I could go on and on, but the point is this: this show is completely ludicrous, and eventually it simply gets boring. By the seventh or eighth episode, I just wanted it to end. Bruno isn't compelling as a character; he's just an obnoxious twerp. I kept watching only in the hopes that he'd eventually get shot in the face or suffer some other similar feelgood ending. But naturally, whatever Bruno's fate there can be no real justice for the crimes committed, and there's an unsurprisingly cynical ending to cap things off, which just further compounds the bad taste this left. Unless you get off on serial killers, give this a wide berth.
Rating for Style: B
Rating for Substance: C-
|Aspect Ratio||1.78:1 - Widescreen|
|Original Aspect Ratio||yes|
Image Transfer Review: Don't be fooled; the package reads 16:9 enhanced, but this is a 4:3 letterboxed transfer, which is only just tolerable on a larger monitor, with constant flickering anytime there's motion onscreen. Otherwise, the color levels look okay and I didn't see any obvious artifacting problems. The white subtitles include numerous typos and grammatical errors.
Image Transfer Grade: C-
Audio Transfer Review: The original Spanish 2.0 track is the only option, and it's fine.
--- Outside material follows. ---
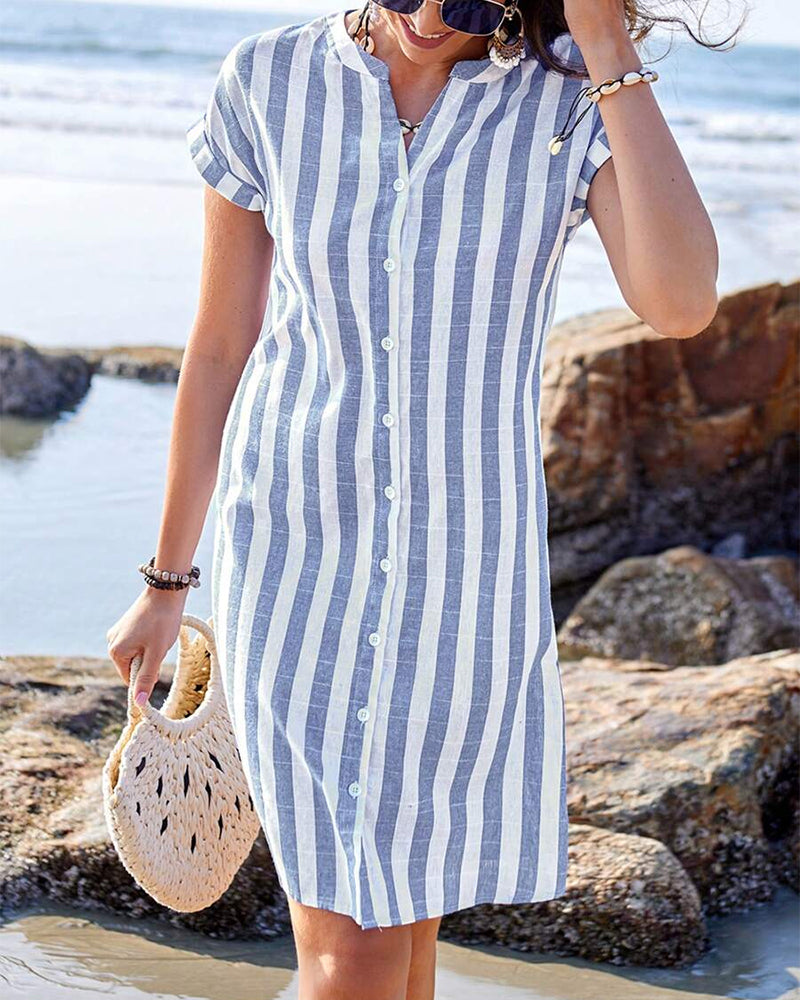 Zamora™ | Elegante abito a camicia a righe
It's clean and free of any distortion.
Audio Transfer Grade: B+
Disc ExtrasFull Motion menu with music
Scene Access with 78 cues and remote access
Subtitles/Captions in English, Spanish with remote access
24 TV Spots/Teasers
Packaging: Box Set
Extras Review: HBO provides their usual preview ans review trailers with each episode, should you wish to recapture the viewing experience. Also, a behind-the-scenes featurette (11m:10s) features interviews with all the principal cast and director, in which they expound on their characters and their motivations, punctuated with clips from the series. There's nothing here of great importance. If you like the series, you'll likely enjoy this.
Extras Grade: C-
Final CommentsIf you love your serial killer movies, you may get a kick of out of Epitafios; it is slickly produced, cynically pulpy "entertainment," though reality has taken the first train out of town, and it's too long by half. HBO's DVD set is disappointing thanks to a mediocre 4:3 letterboxed presentation.